Keywords: Capsule endoscopy, PEG/ascorbate booster, mucosa visualization, gastric transit time
INTRODUCTION
Capsule endoscopy (CE) is a procedure that is now often used to study conditions affecting the small intestine, offering certain benefits over conventional endoscopy examination.1 CE still requires cleansing of the digestive tract for optimal visualization, and while active bowel preparation for CE may achieve this,2 these regimens are often not well tolerated by patients and produce adverse events (e.g., dizziness, vomiting, etc.).3 Indeed, such protocols may ultimately be associated with poor patient adherence and even abandonment, potentially provoking poorer visualization and failure of the exploration, or non-attendance. Thus, the optimal patient preparation for CE remains unclear, highlighting the need to establish an efficient, standardized, and user-friendly preparative protocol.

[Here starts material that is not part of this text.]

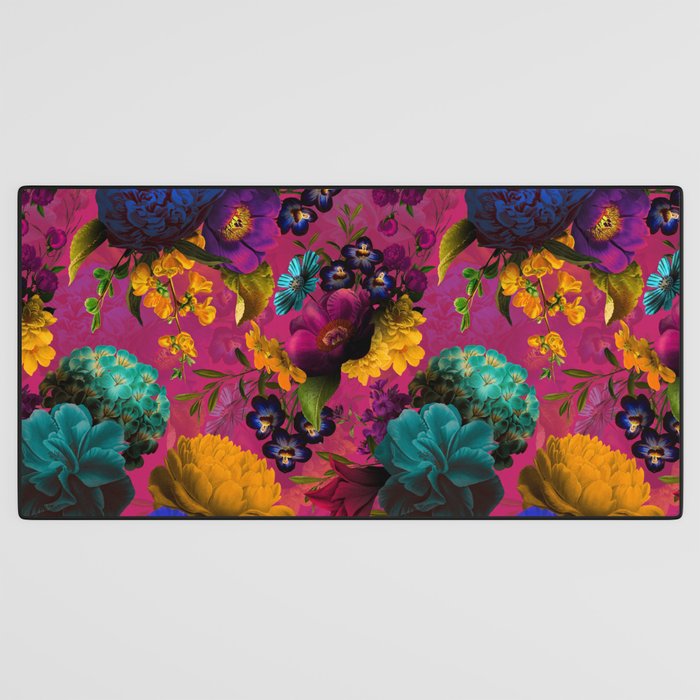 Vintage & Shabby Chic - Purple Botanical Lush Flowers Midnight Garden Desk Mat Gallery Image 3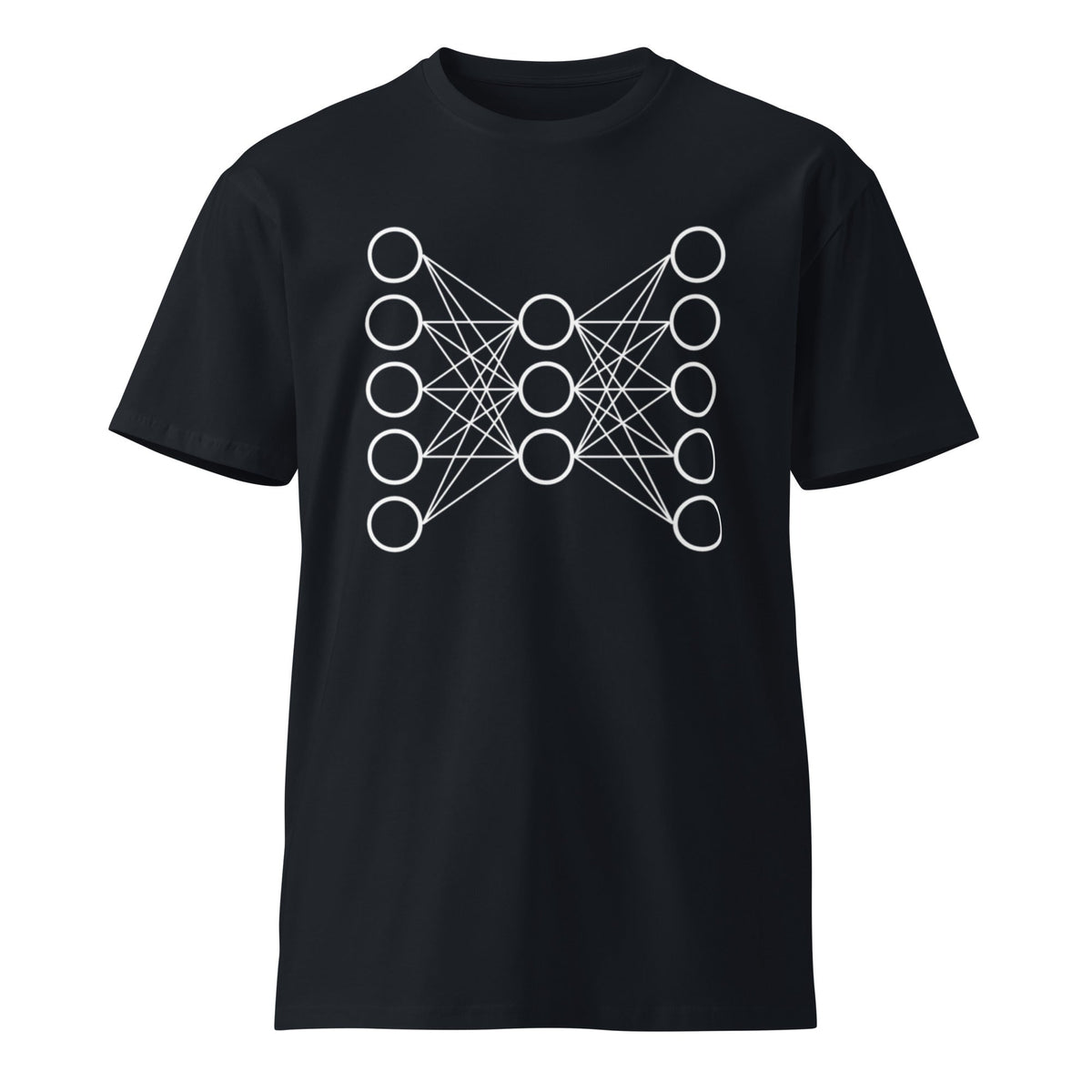 Mockup image of the Premium Neural Network T Shirt 9 (unisex) Navy / M.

There is evidence that bowel preparation with purgative agents prior to CE improves small-bowel mucosal visualization when compared to a preparation simply involving a clear liquid diet and overnight fasting. These improvements are generally achieved without affecting the CE completion rate, the capsule’s gastric transit time (GTT), or its small-intestine transit time (SITT). A large body of evidence supports the use of polyethylene glycol (PEG) 4-8 and, in particular, the combined use of PEG with other agents such as simethicone or ascorbic acid.1,9-14 Of these, there is evidence that combining PEG with ascorbic acid is better tolerated by patients, producing fewer adverse events and hence, better patient adherence.11 However, to date, no large, multicenter, randomized-controlled trials have been carried out to validate the use of these protocols or evaluate the ideal dose/volume of PEG or the most appropriate timing of bowel preparation before CE. Indeed, not all studies found benefits when using such active bowel preparations in terms of visualization quality and diagnostic performance.15-18 Hence, more efforts are clearly necessary to establish a standard preparative protocol for CE.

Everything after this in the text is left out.